Even though he was incredibly protective of his persona to the point he wouldn’t even consider playing a character remotely against type, John Wayne didn’t hold such a high opinion of himself that he believed his filmography to be flawless.

That being said, ‘The Duke’ didn’t care what the critics had to say when his job wasn’t to win rapturous acclaim but to entertain audiences the world over. That’s exactly what he did, and he managed it by fine-tuning the larger-than-life character paying customers wanted to see.
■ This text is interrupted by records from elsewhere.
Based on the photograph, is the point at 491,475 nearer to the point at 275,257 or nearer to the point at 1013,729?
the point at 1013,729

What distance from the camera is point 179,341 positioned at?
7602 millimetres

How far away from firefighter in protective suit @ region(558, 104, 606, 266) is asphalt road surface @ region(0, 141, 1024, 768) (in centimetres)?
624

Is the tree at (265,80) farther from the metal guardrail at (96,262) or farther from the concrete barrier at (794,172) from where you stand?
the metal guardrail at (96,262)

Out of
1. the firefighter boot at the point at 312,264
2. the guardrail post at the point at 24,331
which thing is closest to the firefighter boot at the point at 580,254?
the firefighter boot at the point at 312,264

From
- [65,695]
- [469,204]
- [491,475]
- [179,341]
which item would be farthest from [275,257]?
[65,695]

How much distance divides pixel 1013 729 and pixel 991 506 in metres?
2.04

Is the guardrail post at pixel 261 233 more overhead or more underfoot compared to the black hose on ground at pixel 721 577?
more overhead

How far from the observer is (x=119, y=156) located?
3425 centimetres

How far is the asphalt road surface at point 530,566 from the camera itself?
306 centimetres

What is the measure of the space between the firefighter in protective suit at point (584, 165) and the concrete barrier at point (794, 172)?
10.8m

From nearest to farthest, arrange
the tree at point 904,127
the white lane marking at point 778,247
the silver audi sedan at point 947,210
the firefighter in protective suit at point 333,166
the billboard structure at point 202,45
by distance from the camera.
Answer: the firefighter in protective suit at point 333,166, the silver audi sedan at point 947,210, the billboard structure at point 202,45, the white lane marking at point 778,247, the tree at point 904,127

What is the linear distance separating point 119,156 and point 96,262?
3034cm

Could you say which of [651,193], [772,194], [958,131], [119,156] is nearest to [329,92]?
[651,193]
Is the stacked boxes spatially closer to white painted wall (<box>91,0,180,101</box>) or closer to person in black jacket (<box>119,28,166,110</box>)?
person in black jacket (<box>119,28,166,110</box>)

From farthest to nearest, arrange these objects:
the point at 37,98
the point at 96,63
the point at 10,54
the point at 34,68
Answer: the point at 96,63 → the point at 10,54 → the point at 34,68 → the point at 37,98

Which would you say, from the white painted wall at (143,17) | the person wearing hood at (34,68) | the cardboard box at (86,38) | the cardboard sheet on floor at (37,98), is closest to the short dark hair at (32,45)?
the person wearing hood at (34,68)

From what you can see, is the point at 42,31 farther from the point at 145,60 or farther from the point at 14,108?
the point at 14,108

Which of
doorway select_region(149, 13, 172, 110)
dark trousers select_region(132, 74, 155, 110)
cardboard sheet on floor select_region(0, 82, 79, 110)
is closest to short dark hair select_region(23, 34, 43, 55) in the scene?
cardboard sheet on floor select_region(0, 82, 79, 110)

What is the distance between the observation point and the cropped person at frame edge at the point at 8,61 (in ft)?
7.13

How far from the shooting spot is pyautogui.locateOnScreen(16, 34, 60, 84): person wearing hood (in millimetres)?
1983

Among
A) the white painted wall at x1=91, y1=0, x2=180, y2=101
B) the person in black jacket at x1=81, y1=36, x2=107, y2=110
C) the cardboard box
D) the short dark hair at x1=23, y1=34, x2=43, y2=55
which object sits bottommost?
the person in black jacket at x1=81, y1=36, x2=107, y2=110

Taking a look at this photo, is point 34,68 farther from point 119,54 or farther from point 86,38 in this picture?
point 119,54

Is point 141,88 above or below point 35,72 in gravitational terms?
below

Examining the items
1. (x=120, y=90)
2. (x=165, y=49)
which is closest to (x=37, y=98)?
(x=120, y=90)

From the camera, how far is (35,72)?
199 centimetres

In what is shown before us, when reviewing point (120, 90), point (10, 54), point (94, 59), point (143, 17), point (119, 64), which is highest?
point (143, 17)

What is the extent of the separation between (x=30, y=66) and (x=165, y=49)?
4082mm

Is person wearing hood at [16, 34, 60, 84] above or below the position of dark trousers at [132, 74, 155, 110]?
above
Wayne turned down a number of high-profile roles in films that would go on to become classics because they weren’t in line with either what he wanted to do or what he thought his fans wanted to see him doing. However, he was critical of many movies that he did star in, even if Martin Scorsese would disagree on one particular count.
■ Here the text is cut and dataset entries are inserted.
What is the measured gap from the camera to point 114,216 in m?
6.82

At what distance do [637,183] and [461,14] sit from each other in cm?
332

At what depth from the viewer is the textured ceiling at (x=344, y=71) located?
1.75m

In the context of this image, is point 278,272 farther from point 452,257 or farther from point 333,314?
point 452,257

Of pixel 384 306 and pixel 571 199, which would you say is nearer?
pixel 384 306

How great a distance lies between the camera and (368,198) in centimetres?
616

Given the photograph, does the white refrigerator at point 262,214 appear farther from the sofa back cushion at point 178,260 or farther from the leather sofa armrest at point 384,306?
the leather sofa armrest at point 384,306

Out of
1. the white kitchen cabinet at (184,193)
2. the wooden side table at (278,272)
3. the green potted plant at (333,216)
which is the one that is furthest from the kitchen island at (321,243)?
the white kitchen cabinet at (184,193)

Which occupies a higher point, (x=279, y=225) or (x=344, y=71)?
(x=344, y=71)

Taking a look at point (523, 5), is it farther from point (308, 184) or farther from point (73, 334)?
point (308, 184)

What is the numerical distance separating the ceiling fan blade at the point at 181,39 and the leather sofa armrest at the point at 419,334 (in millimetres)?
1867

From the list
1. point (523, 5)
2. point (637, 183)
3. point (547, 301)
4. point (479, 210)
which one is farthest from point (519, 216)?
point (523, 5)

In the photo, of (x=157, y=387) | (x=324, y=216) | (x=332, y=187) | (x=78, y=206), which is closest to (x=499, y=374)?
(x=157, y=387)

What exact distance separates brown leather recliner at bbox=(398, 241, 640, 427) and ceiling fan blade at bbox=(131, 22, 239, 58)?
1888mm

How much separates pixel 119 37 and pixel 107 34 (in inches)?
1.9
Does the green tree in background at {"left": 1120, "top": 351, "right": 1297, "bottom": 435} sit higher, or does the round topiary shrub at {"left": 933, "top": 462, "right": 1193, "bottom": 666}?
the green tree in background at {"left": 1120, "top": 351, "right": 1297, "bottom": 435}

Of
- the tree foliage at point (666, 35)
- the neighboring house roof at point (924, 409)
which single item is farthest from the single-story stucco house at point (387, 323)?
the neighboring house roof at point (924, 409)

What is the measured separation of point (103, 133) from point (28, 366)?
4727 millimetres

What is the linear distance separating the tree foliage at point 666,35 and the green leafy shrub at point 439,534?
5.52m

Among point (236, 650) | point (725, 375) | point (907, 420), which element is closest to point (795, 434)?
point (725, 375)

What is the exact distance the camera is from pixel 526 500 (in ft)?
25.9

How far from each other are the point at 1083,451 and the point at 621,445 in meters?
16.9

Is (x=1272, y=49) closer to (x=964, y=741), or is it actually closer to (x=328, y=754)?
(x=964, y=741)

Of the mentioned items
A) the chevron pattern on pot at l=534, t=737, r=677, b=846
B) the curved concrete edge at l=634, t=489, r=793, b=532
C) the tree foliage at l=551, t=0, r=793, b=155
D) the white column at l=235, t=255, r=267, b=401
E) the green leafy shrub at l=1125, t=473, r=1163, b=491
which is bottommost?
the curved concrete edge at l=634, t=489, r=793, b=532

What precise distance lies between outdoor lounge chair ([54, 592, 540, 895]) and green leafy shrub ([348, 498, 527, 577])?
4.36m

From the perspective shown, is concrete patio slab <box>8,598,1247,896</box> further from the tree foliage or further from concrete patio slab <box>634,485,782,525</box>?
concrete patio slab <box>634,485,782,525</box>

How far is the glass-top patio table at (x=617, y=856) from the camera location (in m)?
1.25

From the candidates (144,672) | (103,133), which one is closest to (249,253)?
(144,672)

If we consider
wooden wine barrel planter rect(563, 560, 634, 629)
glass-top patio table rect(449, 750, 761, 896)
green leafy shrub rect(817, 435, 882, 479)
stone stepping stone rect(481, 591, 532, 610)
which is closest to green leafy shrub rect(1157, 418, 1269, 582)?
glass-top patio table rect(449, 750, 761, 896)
1948’s Wake of the Red Witch starred John Ford’s favourite collaborator as the steward of the titular vessel, which ends up stranded on a remote island when he sabotages his own ship out of spite and revenge. It’s definitely not one of Wayne’s best, and he even referred to it as a “rather dull” undertaking.

The Edward Ludwig-directed adventure would have been released in cinema when Scorsese was only six years old, so the rose-tinted glasses of nostalgia could be at least partially responsible for his adoration of a movie its own leading man wasn’t all that impressed with.

“I became aware of John Wayne as an actor, and I think the key films really were Wake of the Red Witch, which is a remarkable movie with a wonderful flashback structure,” he said to American Masters. “But that was John Wayne, the movie star. We were kids, we didn’t know! We thought actors were up there and the people were up there on the screen.”

‘The Duke’ may have disagreed, and while he was a child at the time, the next eight decades have firmly set Scorsese out as a man who knows what he’s talking about when it comes to the best of cinema. His fondness for the movie was hardly fleeting, either, with legendary auteur’s Film Foundation partnering up with Paramount to restore and curate a programme of 30 movies from the Republic Pictures back catalogue in 2018, one of which was Wake of the Red Witch.

More than 60 years after it played an important part in his initial cinematic awakening as a youngster, Scorsese’s fondness hadn’t dissipated. Wayne might be a legend of the silver screen, but the veteran has probably forgotten more about filmmaking than ‘The Duke’ ever knew, so it wouldn’t be an egregious offence to side with him on this one.